Она, улыбаясь, наклонила голову; но ей не хотелось говорить. Матье казался совершенно проснувшимся: он смотрел на нее.

– Что случилось? – смущенно спросила она.

Он не ответил, а только удивленно засмеялся.

– Вы заметили, что я существую? – сказала Одетта. – И это вас удивило. Так?

Когда Матье смеялся, вокруг глаз собирались морщинки, и он становился похож на китайчонка.

– Вы воображаете, что вас можно не заметить? – спросил он.

– Я не слишком подвижна, – сказала Одетта.

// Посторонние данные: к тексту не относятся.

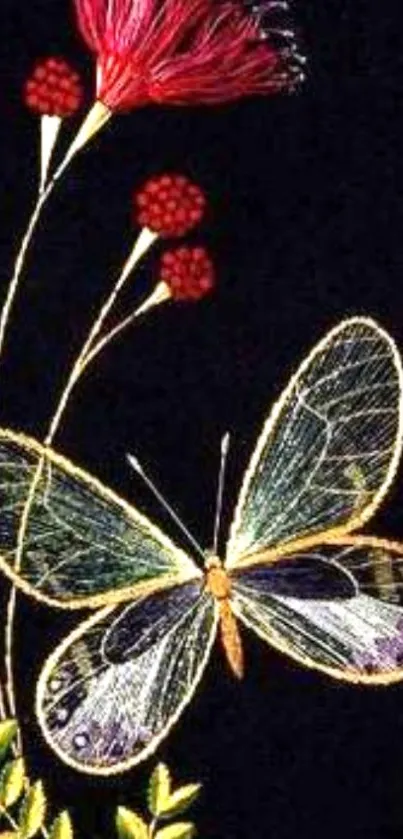 Embroidered butterfly on black background with red flowers for phone wallpaper.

– Верно. И к тому же не слишком разговорчивы. Более того, вы делаете все возможное, чтобы о вас забыли. Так вот, это вам не удается: даже когда вы совсем смирная и благопристойная и смотрите на море, производя не больше шума, чем мышь, знаешь, что вы здесь. Это так. В театре это называется эффектом присутствия; есть актеры, у которых это есть, а у других нет. У вас есть.

У Одетты прилила кровь к щекам:

– Вы испорчены русскими, – живо сказала она. – Эффект присутствия, должно быть, очень славянское качество. Но я сомневаюсь, что это в моем стиле.

Матье серьезно посмотрел на нее.

– А что в вашем стиле? – спросил он.

Одетта почувствовала, что ее глаза заметались, забегали в глазницах. Она справилась со взглядом и направила его на свои обнаженные ноги с накрашенными ногтями. Одетта не любила, когда о ней говорили.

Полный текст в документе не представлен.